What Mayor Rawlings said after the shootings in Dallas is true.   If we want the madness to stop we must deal with the issue of race and racism in this country.   Rawlings made a huge start with that statement.  He built upon it by acknowledging a correlation between the knee-jerk defending of cops under all circumstances and the general distrust of the police in the African-American community.

This standoff between the police and the African-American community set in motion the perfect storm for what happened in Dallas.   It only takes one bad cop to destroy lives and sown seeds of mistrust.  Likewise, it takes but one mentally on edge person with gun access to do the same and cause havoc.  One person can make a difference.  In these cases, it’s a negative one.

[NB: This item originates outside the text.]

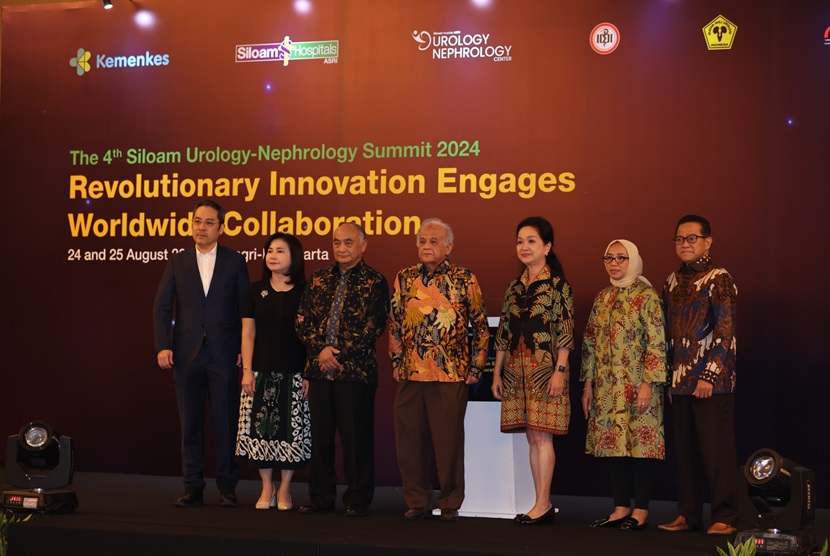 Grup RS Siloam melalui RS Siloam ASRI kembali menunjukkan komitmennya dalam bidang kesehatan dengan mengadakan Urology-Nephrology Summit Ke-4. Mengusung tema Revolutionary Innovation Engages Worldwide Collaboration, acara ini berhasil menarik lebih dari 600 praktisi medis dari berbagai disiplin ilmu untuk berkolaborasi dan mengeksplorasi inovasi terbaru dalam diagnosis, perawatan, dan pengelolaan penyakit ginjal dan urologi.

However, it takes a village to raise a child.  These individuals did not grow in a vacuum.  Racism, and the ills that come with it, will end when the broader society sees and understands the how and why of its existence.   The legacy of the Civil War is that we continue to have a nation that, consciously or not, says black lives don’t matter as much as white lives.  Only when there is more awareness and acceptance of what has been will we see positive change.

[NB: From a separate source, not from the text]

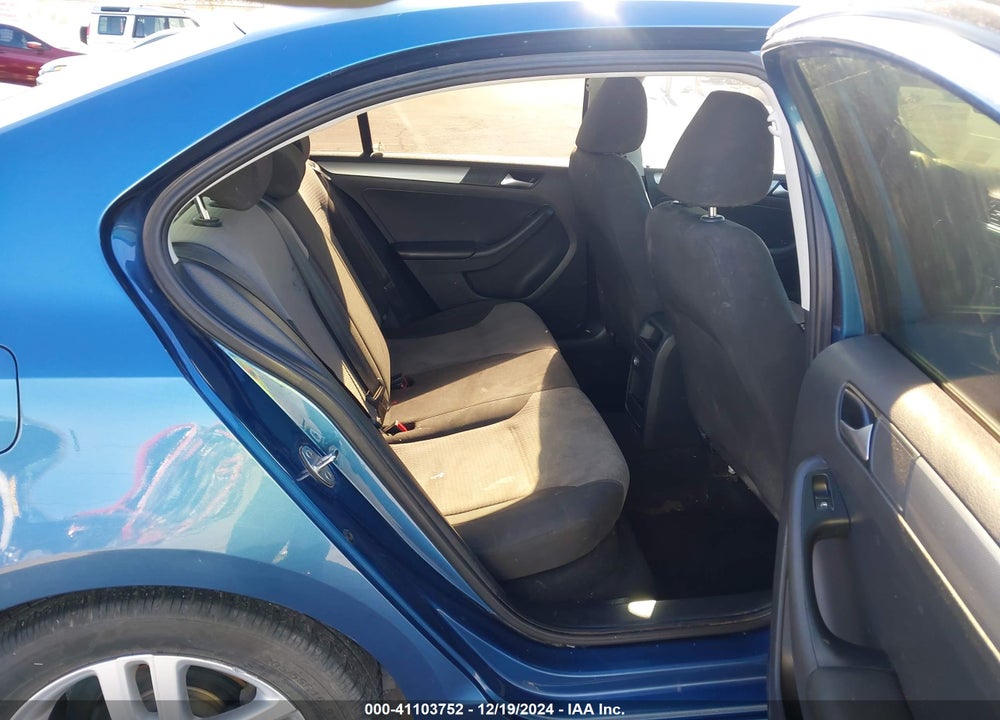2018 VOLKSWAGEN JETTA 1.4T S VIN: 3VW2B7AJ4JM231983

In Free State of Jones this understanding is exactly what happens.  Newt realizes the Civil War served to keep plantation owners rich while white men like himself stayed not much better than slaves.  He then begins to see the truth of black people’s humanity.  Next he’s forced to confront the fact he’s been assuming himself to be better than slaves.  After that he loses that mindset completely.  From there he is able to get the white men in his group to understand the same thing.  This also allows the former slaves to trust Newt as well.   It’s not that they ever saw themselves as being less than.  It’s that they had to see if Newt saw them that way.  

This isn’t the 1860’s where all problems were thought to be solved with a gun.  If Newt were around today he’d probably be out protesting with a #BlackLivesMatter group.  The group does not condone violence as a solution.  If anything they help to channel anger and rage into constructive and peaceful protest.

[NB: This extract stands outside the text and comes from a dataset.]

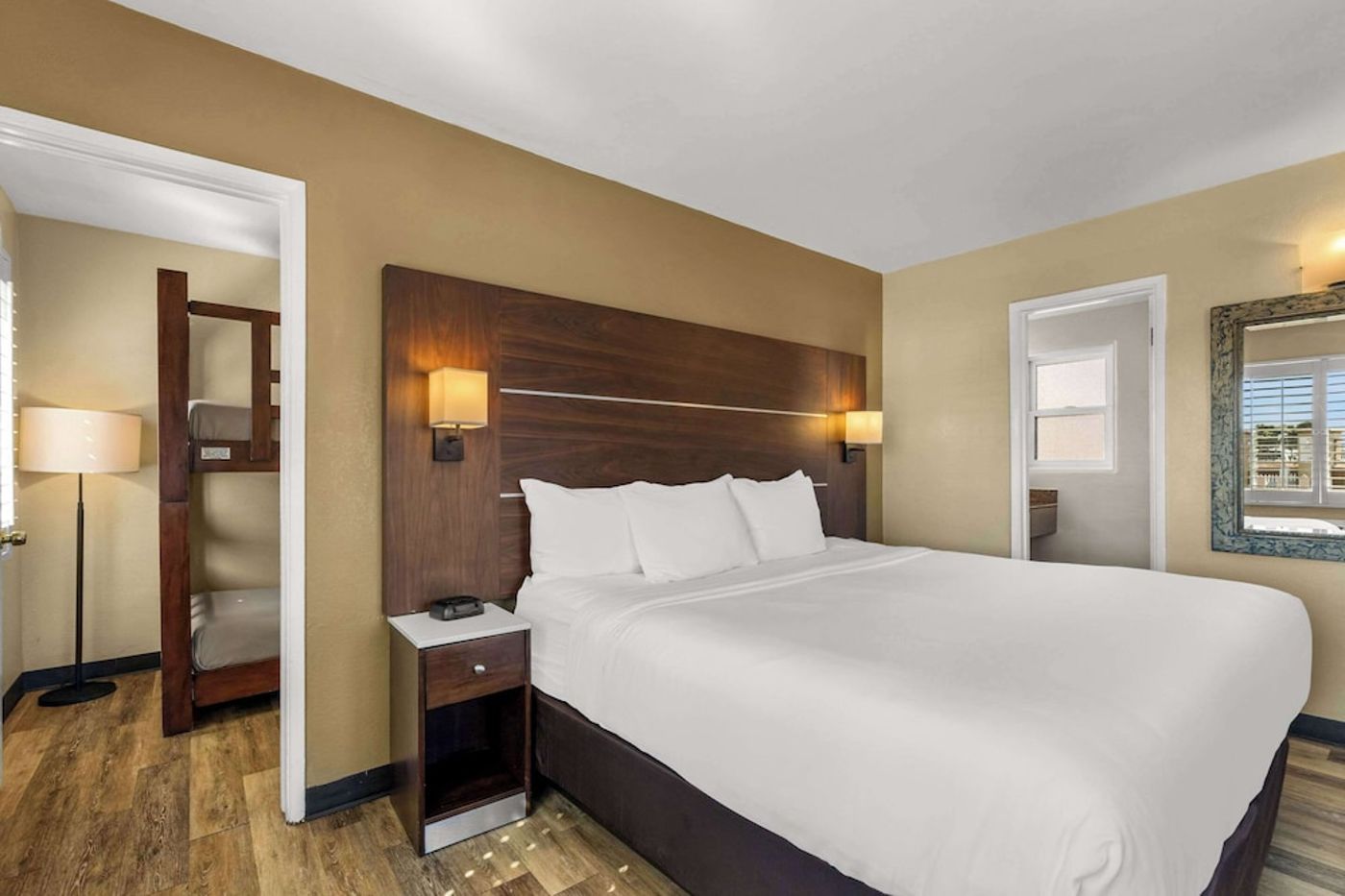 expedia-3159609-22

In the sixties the phrase, “Black is beautiful” was used to affirm to African-Americans – and the world – that whiteness was not the only standard of beauty.  The assumption at the time was that it was.   It wasn’t saying there weren’t other types of beauty.  The simply added black looks to the palette of what is considered beautiful.  The awareness helped usher in changes for the better. The #BlackLivesMatter movement is doing a similar thing.  It has raised the consciousness of the nation around the disparate amount of black people killed at the hands of police officers.

Free State of Jones gives me hope in the face of an onslaught of bad news.  The film shows a time where black and white people came to know each other as equals.  They were able to live together – and fight together – for their common good.  (I could talk about the women fighting alongside men and how refreshing that was to see.   That’s an entirely different article, though.)

The above suggests that when the roots of racism are pulled out a real change can occur.  Unfortunately, the weeding out of racism that started back in the time of the Civil War was never completed.  Instead, the ideas behind the Free State of Jones were smothered.  Because racism has continued to be sown throughout our history we have been brought to this moment.   It’s past time that we as a nation work dig this stuff out.  We saw some digging being last year in South Carolina.  What I saw from Mayor Rawling – as well as from Dallas Police Chief David Brown – gives me hope that more is coming.  Let us hope so. The dream has been deferred long enough.